■ **Supplied material**
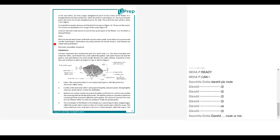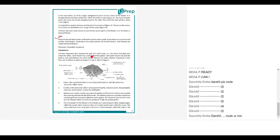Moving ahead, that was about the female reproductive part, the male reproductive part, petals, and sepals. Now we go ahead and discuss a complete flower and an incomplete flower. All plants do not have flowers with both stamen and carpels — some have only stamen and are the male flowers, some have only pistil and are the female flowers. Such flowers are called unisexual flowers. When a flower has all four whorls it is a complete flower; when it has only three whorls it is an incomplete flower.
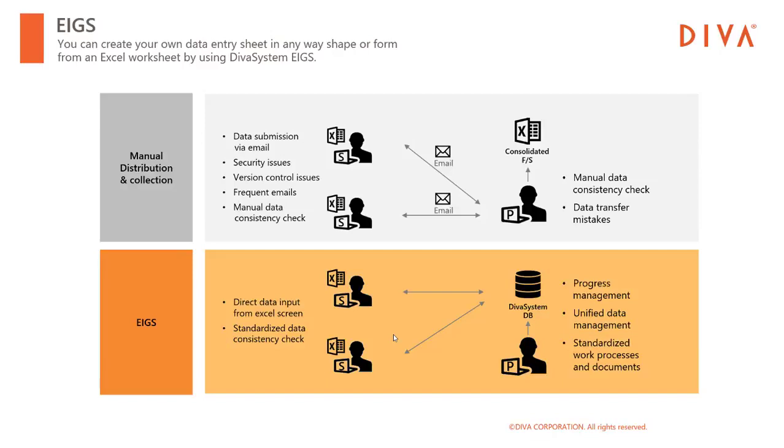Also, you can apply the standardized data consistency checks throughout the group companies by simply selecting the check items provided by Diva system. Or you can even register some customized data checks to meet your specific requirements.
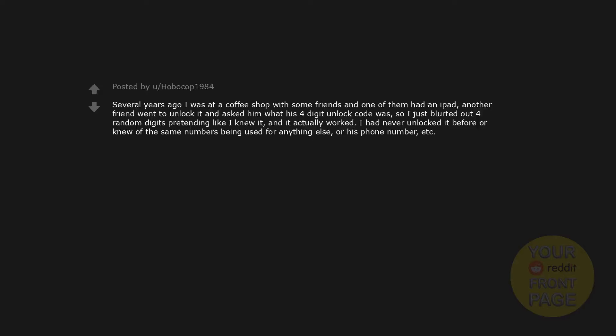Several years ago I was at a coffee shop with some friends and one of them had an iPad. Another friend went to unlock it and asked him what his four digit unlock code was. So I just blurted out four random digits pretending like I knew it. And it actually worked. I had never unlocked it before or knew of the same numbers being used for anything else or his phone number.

■ **Exercise aim**
Retype word for word all the material given above, and keep the pictures out.

■ **Expected output**
Moving ahead, that was about the female reproductive part, the male reproductive part, petals, and sepals. Now we go ahead and discuss a complete flower and an incomplete flower. All plants do not have flowers with both stamen and carpels — some have only stamen and are the male flowers, some have only pistil and are the female flowers. Such flowers are called unisexual flowers. When a flower has all four whorls it is a complete flower; when it has only three whorls it is an incomplete flower.
Also, you can apply the standardized data consistency checks throughout the group companies by simply selecting the check items provided by Diva system. Or you can even register some customized data checks to meet your specific requirements.
Several years ago I was at a coffee shop with some friends and one of them had an iPad. Another friend went to unlock it and asked him what his four digit unlock code was. So I just blurted out four random digits pretending like I knew it. And it actually worked. I had never unlocked it before or knew of the same numbers being used for anything else or his phone number.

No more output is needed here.